Elle avait vu passer des milliers d'hommes sur son sofa. Tous ces hommes avaient un point en commun : ils ne parlaient jamais...ou presque jamais. Des monosyllabes, c'est tout ce qu'elle avait toujours eus.
Les femmes, par contre, disaient tout. Elles disaient ce qui faisait en sorte qu'elle se retrouvait dans le bureau d'une thérapeute. Elles accusaient, prenaient le blâme, pleuraient, se mettaient en colère. Tout cela, devant des maris silencieux ou encore agacés de devoir tout écouter. Ces femmes étaient avocate de la défense, avocate de l'accusé, juré et juge.
Le couple, qui était assis devant Saphir ce jour-là, n'était pas tant différent des autres. La femme avait expliqué à Saphir comment son mari ne faisait rien, ne s'occupait jamais des deux jeunes enfants qu'ils avaient, ne la donnait jamais de l'affection ou de l'attention. Elle avait aussi ajouté que c'était peut-être de sa faute puisqu'elle ne se mettait jamais en valeur pour son mari. Argument qui avait vite été réfuté par elle-même. Elle avait tout de suite dit que ce n'était pas de sa faute si elle n'avait jamais le temps de se faire belle, puisqu'elle devait tout faire.

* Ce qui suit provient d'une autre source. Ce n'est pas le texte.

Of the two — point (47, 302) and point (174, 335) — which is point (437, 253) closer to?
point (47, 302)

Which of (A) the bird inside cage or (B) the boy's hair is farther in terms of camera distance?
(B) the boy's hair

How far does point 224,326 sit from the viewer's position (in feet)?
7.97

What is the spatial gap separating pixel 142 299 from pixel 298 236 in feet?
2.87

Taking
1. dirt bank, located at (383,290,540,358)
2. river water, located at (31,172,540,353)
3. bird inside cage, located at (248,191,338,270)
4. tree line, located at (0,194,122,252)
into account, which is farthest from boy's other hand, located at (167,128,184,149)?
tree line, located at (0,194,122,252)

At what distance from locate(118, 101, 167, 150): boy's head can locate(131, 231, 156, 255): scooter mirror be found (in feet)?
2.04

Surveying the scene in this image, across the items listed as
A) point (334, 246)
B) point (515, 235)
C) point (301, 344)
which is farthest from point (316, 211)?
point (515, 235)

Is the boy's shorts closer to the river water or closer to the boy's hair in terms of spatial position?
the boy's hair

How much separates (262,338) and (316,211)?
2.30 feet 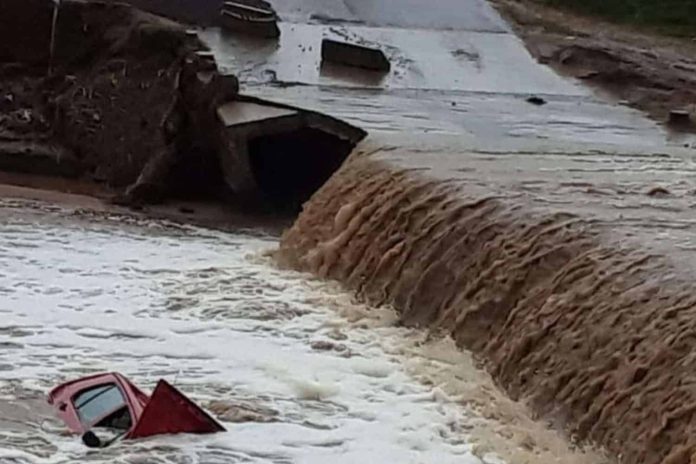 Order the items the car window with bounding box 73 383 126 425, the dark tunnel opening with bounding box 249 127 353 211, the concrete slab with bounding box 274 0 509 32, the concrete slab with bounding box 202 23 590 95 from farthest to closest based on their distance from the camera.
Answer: the concrete slab with bounding box 274 0 509 32, the concrete slab with bounding box 202 23 590 95, the dark tunnel opening with bounding box 249 127 353 211, the car window with bounding box 73 383 126 425

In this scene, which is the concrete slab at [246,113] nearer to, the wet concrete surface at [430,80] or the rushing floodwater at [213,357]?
the wet concrete surface at [430,80]

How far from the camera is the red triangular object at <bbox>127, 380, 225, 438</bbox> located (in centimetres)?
633

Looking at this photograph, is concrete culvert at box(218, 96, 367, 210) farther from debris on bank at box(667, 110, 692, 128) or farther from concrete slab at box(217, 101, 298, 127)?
debris on bank at box(667, 110, 692, 128)

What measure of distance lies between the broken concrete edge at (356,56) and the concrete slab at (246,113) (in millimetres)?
1907

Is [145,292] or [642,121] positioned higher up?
[642,121]

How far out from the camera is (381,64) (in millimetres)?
15281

Le mari, comme Saphir l'avait prédit, n'avait dit mot. Il semblait écouter, réfléchir, mais ne disait rien. Saphir sentait qu'il pouvait lui sortir le vers du nez. C'est pour cela qu'elle lui avait demandé ce qu'il pensait de ce que sa femme disait.
Il avait commencé par soulever ses épaules, mais avait par la suite ajouté :
- Je travaille. Je n'ai pas le temps, je travaille pour pouvoir subvenir à leur besoin.
Mauvaise réponse Saphir avait pensé.
Comme appréhendé, la femme avait commencé à crier sur son mari, malgré l'effort qu'avait fourni Saphir pour la calmer.
- Il se fout de ma gueule! Cette dernière avait lâché! Il se fout de ma gueule! Elle avait répété.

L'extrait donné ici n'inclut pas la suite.